Trump is interested in capitulation, not persuasion.
What you saw from Biden last night was the polar opposite in both temperament and strategy.
Biden is a back-slapper. He works well with his political opponents. He likes people—even people who aren’t on his side. He’s good at compromise and has real-world bills he wants to pass.
Biden is a politician and a persuader. That is fundamentally who he is and this fact informs his strategy. Biden is not banking on turning out 110 percent of Democratic voting benchmarks. He is not looking to bring in low-propensity voters who normally have little interest in politics.
His goal is to let Trump take care of Democratic turnout while he peels off 10 percent of self-identifies Republican voters (up from 8 percent in 2020) and then wins the double-doubter independents decisively.

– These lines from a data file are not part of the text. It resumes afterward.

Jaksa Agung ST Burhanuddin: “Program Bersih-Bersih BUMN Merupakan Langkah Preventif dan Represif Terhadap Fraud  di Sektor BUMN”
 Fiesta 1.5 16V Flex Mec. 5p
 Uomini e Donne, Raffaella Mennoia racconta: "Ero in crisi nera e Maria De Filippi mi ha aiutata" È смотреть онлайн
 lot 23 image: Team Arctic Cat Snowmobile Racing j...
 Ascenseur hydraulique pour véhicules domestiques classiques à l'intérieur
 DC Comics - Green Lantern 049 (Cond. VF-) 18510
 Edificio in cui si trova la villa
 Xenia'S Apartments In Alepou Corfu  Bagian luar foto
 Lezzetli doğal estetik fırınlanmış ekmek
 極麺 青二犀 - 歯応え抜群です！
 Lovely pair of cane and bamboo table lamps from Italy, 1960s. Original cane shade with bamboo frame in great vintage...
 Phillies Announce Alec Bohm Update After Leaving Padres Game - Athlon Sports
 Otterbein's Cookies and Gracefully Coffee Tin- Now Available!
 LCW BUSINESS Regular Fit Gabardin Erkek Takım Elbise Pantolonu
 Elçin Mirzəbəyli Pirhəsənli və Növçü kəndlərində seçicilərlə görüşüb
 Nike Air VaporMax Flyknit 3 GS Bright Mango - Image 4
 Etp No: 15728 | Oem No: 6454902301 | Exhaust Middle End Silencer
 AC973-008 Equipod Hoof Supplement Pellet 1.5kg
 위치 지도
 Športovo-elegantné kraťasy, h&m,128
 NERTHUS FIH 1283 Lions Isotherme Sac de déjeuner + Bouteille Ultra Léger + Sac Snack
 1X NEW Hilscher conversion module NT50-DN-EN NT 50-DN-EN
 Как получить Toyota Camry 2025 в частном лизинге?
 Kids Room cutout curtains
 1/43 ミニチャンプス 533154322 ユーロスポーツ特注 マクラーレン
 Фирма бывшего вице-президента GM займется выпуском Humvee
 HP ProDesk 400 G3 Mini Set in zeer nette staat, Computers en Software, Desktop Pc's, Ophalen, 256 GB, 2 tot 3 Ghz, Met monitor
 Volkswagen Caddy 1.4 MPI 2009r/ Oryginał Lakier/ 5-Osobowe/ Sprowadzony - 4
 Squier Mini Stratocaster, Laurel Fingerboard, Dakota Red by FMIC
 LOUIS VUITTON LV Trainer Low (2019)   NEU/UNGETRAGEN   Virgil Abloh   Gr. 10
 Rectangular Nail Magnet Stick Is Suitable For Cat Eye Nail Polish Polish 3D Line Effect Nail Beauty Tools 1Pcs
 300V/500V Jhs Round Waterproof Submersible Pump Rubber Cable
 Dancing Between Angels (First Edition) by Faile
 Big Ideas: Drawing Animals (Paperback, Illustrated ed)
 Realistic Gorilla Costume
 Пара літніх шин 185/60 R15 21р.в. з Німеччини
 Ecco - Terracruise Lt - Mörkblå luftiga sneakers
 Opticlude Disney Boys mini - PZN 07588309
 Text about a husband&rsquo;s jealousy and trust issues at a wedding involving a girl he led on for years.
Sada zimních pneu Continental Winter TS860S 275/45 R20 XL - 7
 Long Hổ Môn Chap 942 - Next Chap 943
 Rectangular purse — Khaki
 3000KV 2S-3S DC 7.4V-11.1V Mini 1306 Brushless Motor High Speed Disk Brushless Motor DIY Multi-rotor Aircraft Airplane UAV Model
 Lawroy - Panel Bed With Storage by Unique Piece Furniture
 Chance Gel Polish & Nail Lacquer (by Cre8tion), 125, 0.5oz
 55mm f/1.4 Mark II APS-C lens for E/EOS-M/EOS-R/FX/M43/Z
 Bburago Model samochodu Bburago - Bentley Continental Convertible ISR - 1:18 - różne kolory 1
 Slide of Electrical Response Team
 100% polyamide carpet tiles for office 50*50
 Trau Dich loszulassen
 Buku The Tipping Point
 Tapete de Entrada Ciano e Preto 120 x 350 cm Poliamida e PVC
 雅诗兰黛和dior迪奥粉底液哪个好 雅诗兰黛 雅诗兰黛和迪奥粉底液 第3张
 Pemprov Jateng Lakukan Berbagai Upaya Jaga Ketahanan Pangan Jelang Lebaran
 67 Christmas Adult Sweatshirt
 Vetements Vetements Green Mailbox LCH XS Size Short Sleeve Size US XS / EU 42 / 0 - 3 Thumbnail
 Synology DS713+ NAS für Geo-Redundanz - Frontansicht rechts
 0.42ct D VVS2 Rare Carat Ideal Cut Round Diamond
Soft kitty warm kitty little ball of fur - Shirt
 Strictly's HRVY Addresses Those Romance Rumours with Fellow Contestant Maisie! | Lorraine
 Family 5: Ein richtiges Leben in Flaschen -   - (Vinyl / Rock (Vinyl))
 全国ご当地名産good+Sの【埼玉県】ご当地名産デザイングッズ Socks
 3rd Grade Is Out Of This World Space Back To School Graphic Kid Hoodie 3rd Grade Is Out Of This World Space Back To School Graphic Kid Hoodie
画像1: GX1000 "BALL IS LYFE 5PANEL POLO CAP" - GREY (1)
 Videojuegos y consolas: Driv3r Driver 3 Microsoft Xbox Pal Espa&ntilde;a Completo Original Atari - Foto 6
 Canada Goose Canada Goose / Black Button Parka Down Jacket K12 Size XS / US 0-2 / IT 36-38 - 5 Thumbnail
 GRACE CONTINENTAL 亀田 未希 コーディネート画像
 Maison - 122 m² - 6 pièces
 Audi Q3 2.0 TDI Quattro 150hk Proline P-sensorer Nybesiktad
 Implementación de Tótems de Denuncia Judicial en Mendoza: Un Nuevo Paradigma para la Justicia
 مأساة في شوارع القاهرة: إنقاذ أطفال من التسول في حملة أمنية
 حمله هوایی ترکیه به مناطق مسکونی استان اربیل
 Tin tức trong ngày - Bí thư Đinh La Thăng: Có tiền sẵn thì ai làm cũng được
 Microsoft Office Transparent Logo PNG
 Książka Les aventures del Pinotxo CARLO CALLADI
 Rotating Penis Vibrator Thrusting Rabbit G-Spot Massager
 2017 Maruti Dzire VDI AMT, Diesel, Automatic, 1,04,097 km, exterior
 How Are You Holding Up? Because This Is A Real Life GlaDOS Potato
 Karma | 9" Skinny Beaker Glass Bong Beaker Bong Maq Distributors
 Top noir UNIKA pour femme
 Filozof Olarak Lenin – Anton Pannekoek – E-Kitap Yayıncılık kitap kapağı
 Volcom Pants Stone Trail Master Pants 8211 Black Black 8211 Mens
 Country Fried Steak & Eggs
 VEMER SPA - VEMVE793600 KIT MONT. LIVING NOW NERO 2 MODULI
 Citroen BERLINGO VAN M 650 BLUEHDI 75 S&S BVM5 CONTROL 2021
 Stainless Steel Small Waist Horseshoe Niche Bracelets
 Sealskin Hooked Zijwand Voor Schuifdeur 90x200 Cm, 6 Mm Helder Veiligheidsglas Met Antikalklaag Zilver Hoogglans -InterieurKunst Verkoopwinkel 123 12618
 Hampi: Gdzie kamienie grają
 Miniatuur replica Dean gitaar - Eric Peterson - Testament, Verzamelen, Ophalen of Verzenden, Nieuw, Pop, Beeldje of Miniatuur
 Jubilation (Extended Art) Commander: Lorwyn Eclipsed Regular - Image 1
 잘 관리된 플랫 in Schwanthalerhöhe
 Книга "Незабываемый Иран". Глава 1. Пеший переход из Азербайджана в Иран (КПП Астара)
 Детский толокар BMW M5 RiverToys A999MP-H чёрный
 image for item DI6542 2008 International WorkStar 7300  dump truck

Which is what he took aim at last night. On policy, he did this by hitting Ukraine, Roe, and immigration—three areas in which he’s where the majority is on policy. But he also did it with his mien. Did you catch how feisty Biden was? He enjoyed it when Republicans booed him—and I mean that he enjoyed it in the way that a guy who thinks there’s supposed to be give-and-take likes to spar.
But maybe the most telling moment of the entire evening was Biden’s reaction to MTG’s wardrobe choice as he made his way through the chamber
MTG confronted Biden in full MAGA regalia and imagined that she was doing something disrespectful and transgressive—that she was going to show him that she was unafraid of his socialist crime family or whatever.
And Biden loved it! He was clearly tickled, like he thought that this Jewish Space Laser CrossFit lady wasn’t an enemy to be crushed, but just a wacky part of life’s rich pageant.
Last night was a clear view into the choice this campaign will present voters: An angry strong man who dominates and fights or a happy politician who persuades, cajoles, and compromises. Which of them will be the best steward of a strong American economy?
That is a campaign Joe Biden can win.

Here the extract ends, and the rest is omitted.